What is needed:
Pictures are not part of the answer. Write out exactly the lines from the one containing "DARK GEL POLISH 23, 6 ML" through the end of the material below.

Recorded data:
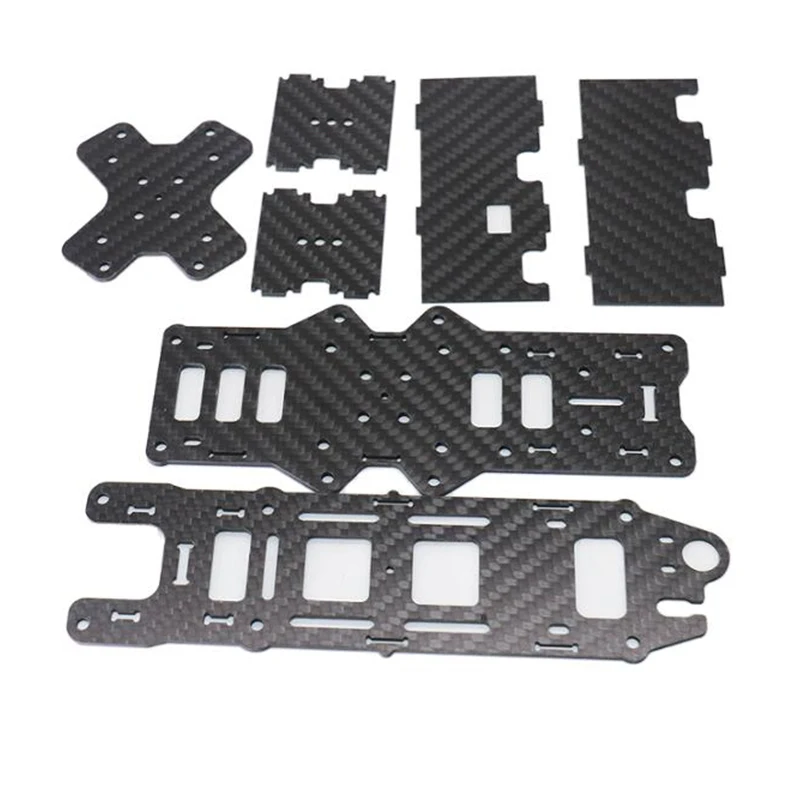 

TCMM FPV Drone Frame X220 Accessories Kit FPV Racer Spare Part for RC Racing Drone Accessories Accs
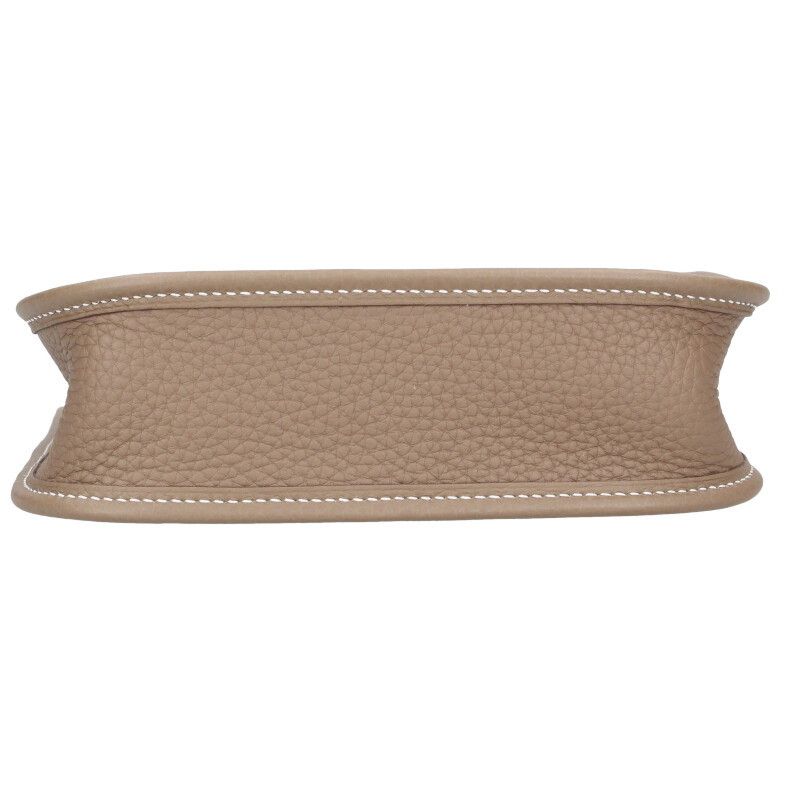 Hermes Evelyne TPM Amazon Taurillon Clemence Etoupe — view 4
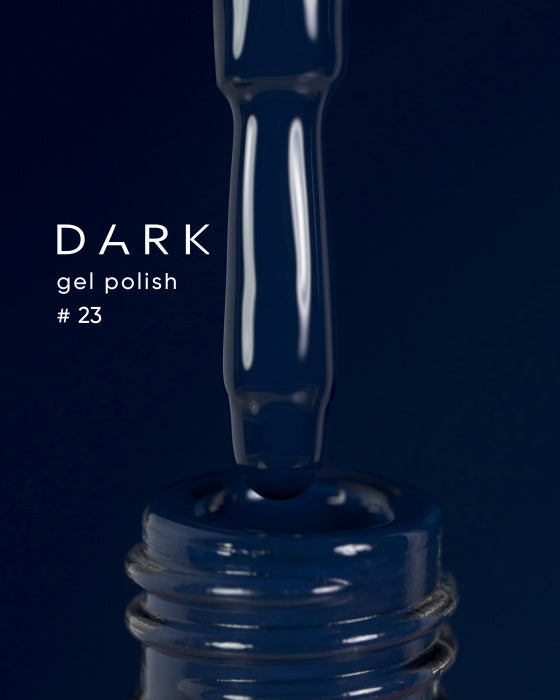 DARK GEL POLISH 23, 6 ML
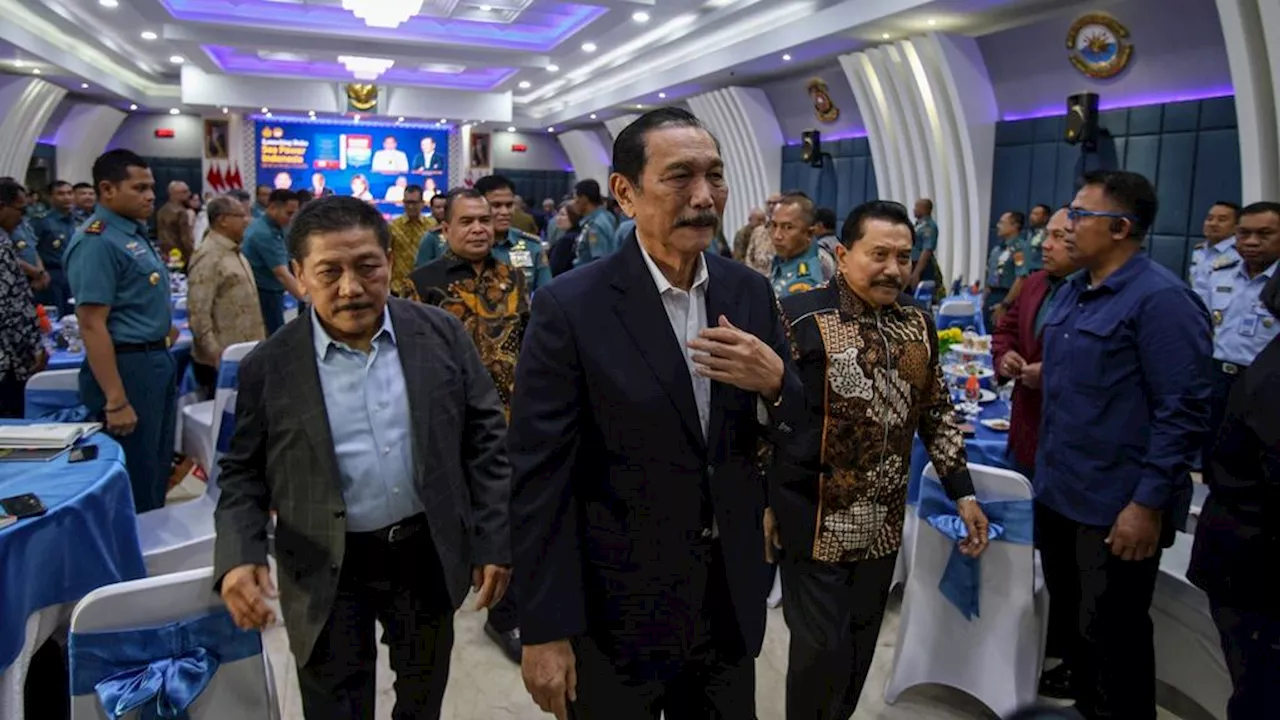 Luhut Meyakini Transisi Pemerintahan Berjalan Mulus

Exercise solution:
 DARK GEL POLISH 23, 6 ML
 Luhut Meyakini Transisi Pemerintahan Berjalan Mulus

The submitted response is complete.